10. As regards the grounds urged by the Petitioners, it is seen that the learned Sessions Judge has held the revision to be not maintainable on the ground the order impugned therein was an interlocutory order and, therefore, applying the principles laid down by the Apex Court in the case of Sethuraman v. Rajamanickam; reported in (2009) 43 OCR (SC) 97, learned Sessions Judge held the revision to be not maintainable. Whether the impugned order is interlocutory in nature or not, is not in dispute before this Court. What is questioned by the Petitioners is

the decision of the learned Sessions Judge to examine and decide the revision on merits and simultaneously holding the same as not maintainable. As regards the argument regarding propriety of holding the revision to be not maintainable and at the same time deciding the same on merits, it is observed that the decision on merits is also under challenge in the present proceeding. Therefore, this Court deems it proper to confine itself to examine the correctness of the order passed on merits than on the point of maintainability since the same , per se, is not raised as the sole ground for challenging the impugned order.

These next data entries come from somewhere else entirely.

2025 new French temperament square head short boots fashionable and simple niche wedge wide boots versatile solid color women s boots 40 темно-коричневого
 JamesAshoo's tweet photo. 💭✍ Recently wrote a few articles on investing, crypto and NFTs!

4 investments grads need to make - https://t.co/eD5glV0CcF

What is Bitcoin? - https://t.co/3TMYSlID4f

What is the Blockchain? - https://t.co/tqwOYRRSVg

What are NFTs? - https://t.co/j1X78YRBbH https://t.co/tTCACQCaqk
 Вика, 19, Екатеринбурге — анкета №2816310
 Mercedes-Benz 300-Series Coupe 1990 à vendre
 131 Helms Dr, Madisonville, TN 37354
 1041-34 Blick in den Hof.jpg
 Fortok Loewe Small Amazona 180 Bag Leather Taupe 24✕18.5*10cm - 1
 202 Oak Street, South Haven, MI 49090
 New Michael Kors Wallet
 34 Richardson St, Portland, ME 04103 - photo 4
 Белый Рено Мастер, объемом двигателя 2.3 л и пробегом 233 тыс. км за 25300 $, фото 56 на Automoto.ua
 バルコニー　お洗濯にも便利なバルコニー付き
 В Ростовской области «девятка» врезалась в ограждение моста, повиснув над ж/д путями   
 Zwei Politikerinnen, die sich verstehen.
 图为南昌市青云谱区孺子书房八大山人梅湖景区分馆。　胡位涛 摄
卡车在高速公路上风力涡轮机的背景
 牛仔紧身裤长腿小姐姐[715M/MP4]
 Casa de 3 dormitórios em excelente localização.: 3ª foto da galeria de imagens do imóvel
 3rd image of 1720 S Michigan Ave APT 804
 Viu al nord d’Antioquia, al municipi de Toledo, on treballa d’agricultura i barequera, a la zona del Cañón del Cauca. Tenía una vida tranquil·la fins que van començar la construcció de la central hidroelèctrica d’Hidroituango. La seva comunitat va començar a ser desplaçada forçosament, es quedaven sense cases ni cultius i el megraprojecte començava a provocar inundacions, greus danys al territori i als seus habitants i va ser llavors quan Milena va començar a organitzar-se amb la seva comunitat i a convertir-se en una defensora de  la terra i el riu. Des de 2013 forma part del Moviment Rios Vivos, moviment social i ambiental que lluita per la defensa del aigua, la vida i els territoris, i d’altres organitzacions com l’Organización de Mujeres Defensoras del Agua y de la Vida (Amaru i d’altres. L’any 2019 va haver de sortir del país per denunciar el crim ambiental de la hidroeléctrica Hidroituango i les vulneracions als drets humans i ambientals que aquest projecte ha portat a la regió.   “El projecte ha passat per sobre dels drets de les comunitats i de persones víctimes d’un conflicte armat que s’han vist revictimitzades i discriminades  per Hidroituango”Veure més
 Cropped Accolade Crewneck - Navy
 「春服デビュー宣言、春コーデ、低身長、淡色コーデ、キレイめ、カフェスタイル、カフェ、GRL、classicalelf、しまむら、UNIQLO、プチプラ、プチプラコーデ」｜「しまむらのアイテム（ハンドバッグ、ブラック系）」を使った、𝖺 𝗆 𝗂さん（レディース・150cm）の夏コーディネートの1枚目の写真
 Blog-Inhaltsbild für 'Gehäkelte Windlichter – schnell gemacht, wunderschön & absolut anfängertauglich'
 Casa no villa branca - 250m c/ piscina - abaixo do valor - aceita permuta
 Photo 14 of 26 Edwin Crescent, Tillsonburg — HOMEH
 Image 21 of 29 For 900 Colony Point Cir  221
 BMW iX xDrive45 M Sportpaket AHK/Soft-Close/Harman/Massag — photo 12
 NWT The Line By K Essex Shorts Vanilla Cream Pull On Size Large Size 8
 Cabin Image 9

11. As regards the decisions relied upon by the learned counsel for the Petitioners, a bare reading of the same reveals that they were rendered in purely civil matters governed under the provisions of the Code of Civil Procedure. In the instant case, the impugned order was passed in a proceeding under Section 145 of the Code of Criminal Procedure. As already stated, Section 145 of Cr.P.C. lays down its own procedure to which the provisions of C.P.C. have no application. For such reason, therefore, the citations relied upon by the Petitioners can be of no help to them.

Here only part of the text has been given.